I created this kernel by deleting as much code as possible from my actual kernel while still being able to reproduce the problem.

This is the definition of Buffer with its “member” functions and the IDX macro:

#define IDX(i,j,k,n) (((k) * (n).y + (j)) * (n).x + (i))

struct Buffer

{

    Real    *ptr;

    int2    pitchedSize;

    int     origXSize;

};

struct Buffer bufferFromPitchedPtr( const struct cudaPitchedPtr *cudaPtr )

{

    Buffer result;

result.ptr = (Real *) cudaPtr->ptr;

    result.pitchedSize.x = cudaPtr->pitch / sizeof( Real );

    result.pitchedSize.y = cudaPtr->ysize;

    result.origXSize = cudaPtr->xsize / sizeof( Real );

return result;

}

struct cudaPitchedPtr bufferToPitchedPtr( const struct Buffer *b )

{

    return make_cudaPitchedPtr( b->ptr,

            b->pitchedSize.x * sizeof( Real ),

            b->origXSize * sizeof( Real ), b->pitchedSize.y );

}

void copyToBuffer( struct Buffer *dst, const Real *src, int3 size )

{

    cudaMemcpy3DParms parms = { 0 };

parms.srcPtr = make_cudaPitchedPtr( (void *) src,

            size.x * sizeof( Real ), size.x * sizeof( Real ), size.y );

    parms.dstPtr = bufferToPitchedPtr( dst );

    parms.extent = make_cudaExtent( size.x * sizeof( Real ), size.y, size.z );

    parms.kind = cudaMemcpyHostToDevice;

CUDA_CALL( cudaMemcpy3D( &parms ) );

}

void copyFromBuffer( Real *dst, const struct Buffer *src, int3 size )

{

    cudaMemcpy3DParms parms = { 0 };

parms.srcPtr = bufferToPitchedPtr( src );

    parms.dstPtr = make_cudaPitchedPtr( dst,

            size.x * sizeof( Real ), size.x * sizeof( Real ), size.y );

    parms.extent = make_cudaExtent(

            size.x * sizeof( Real ), size.y, size.z );

    parms.kind = cudaMemcpyDeviceToHost;

CUDA_CALL( cudaMemcpy3D( &parms ) );

}

struct Buffer allocBuffer( int3 size )

{

    cudaPitchedPtr tmp;

CUDA_CALL( cudaMalloc3D( &tmp, make_cudaExtent(

            size.x * sizeof( Real ), size.y, size.z ) ) )
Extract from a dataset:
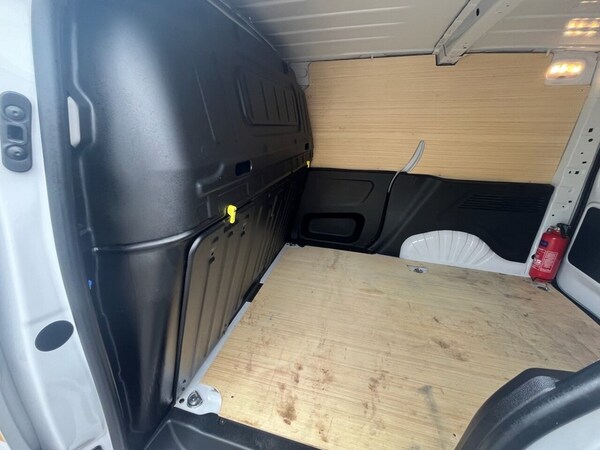 Used Citroen Berlingo 2024 for sale - 75384360: Photo 25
return bufferFromPitchedPtr( &tmp );

}

void freeBuffer( struct Buffer *buf )

{

    CUDA_CALL( cudaFree( buf->ptr ) )

}

Real is typedef’ed to be float. CUDA_CALL is the obvious error-checking macro.

The function testInterface() is being called from main() which uses the blitz++ library to create the host variables and writes an output file in silo format that can be visualized with the visit software. I won’t post the main function here as I don’t think that it is of help (please ask if you are interested).

In all my current tests I initialize the variables in this way:

nc = { 42, 42, 42 }

ng = { 1, 1, 1 }

blockDim = { 32, 4, 4 }

gridDim = { 2, 11, 11 }

Concerning the platform: I’m using ubuntu 10.04 64bit and CUDA toolkit 3.2.16. My graphics card is quite old: Quadro FX 570 with compute capability 1.1.

Regards,

enuhtac

HI

Change parms.srcPtr = make_cudaPitchedPtr( (void *) src, size.x * sizeof( Real ), size.x * sizeof( Real ), size.y );

into parms.srcPtr = make_cudaPitchedPtr( (void *) src, size.x * sizeof( Real ), size.x, size.y );

and try.